The last rendering issue is a result of pixel dimensions. You've used font sizes (specified in pixels; a bad thing) that are far too small, and when exposed to a minimum font size control (such as provided by Firefox and Opera), the content overflows its container. You shouldn't need to specify an explicit height for the various text containers, instead allowing them to grow as required, but if you must, use em lengths which are proportional to font size. Also, use percentages when specifying font sizes: the smallest text should not be smaller than 85% of the browser default.

<h2>Driver Fatigue is a major problem all over the
world. Thousands of people are killed, or
seriously injured due to drivers falling
asleep at the wheel.</h2>

These elements are badly ordered. Heading levels reflect the structure of a document. In fact, the text, "Welcome", should be a level-one heading ("Driver fatigue consultants" isn't a heading at all), and the content of that h2 element should be a paragraph. Titles such as "Our Services" and "Latest News" are logical level-two headings, and "Fatigue Consultants" and "Fleet Training" are level-three.
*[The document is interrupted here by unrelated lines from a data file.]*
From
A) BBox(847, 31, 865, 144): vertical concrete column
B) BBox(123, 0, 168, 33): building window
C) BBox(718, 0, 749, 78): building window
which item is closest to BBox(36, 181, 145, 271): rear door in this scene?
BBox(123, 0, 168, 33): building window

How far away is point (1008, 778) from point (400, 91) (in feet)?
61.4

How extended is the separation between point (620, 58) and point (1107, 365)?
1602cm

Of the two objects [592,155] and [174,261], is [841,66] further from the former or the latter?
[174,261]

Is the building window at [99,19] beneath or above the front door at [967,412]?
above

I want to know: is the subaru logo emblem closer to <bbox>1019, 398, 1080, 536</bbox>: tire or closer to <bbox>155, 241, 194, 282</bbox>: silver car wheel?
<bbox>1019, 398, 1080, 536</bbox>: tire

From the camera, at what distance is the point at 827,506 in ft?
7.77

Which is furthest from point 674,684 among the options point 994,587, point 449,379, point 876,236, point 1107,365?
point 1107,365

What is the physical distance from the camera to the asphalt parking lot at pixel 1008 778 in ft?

Finally, if you must use XHTML (and that's doubtful), at least make sure it's valid, and you are using the Strict document type.


09-26-2006, 04:50 AM
Hi Mike,

thanks for the info, although I do feel its been given in quite a HARSH manner, and the understanding that this is my very first try at doing my own site is understated.
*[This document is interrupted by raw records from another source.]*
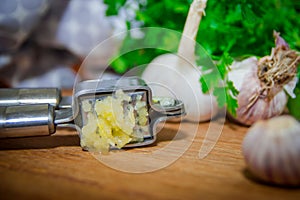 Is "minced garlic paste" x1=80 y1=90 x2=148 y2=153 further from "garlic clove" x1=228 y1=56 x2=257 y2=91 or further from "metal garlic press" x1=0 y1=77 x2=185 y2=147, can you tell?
"garlic clove" x1=228 y1=56 x2=257 y2=91

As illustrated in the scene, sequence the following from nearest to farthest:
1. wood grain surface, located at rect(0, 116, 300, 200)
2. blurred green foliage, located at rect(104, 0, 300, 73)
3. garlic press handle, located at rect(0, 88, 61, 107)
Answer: wood grain surface, located at rect(0, 116, 300, 200) < garlic press handle, located at rect(0, 88, 61, 107) < blurred green foliage, located at rect(104, 0, 300, 73)

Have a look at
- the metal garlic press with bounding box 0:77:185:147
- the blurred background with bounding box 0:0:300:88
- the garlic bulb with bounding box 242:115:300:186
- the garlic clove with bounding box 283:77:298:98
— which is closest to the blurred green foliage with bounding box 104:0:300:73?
the blurred background with bounding box 0:0:300:88

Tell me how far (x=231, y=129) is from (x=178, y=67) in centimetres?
20

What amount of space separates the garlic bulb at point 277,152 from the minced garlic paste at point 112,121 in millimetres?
240

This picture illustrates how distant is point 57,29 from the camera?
4.74 ft

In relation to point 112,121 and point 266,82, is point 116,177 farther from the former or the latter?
point 266,82

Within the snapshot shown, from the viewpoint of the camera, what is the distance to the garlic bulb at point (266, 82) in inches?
37.1

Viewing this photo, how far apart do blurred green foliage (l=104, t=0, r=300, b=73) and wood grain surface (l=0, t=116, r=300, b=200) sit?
1.05 feet

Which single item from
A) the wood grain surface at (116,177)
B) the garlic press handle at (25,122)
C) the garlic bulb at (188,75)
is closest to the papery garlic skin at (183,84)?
the garlic bulb at (188,75)

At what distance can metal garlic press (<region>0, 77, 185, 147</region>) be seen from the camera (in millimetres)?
773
There are issues I need to rectify you are right, 'rome wasnt build in a day'!!

it's very difficult knowing what is the best approach to coding, or other things, especaily when there are so many conflicting views about how things should be done.

There was a reason why alt images where used with weird name, and images where called fatigue.jpg or so on, and that was for SEO purposses, and the site does have a good ranking and page 1 number 2 in google, way above proffesionally designed sites from multi million pound companies.

Although there are problems, and will be sorted, maybe a bit a recognition for trying wouldnt go a miss.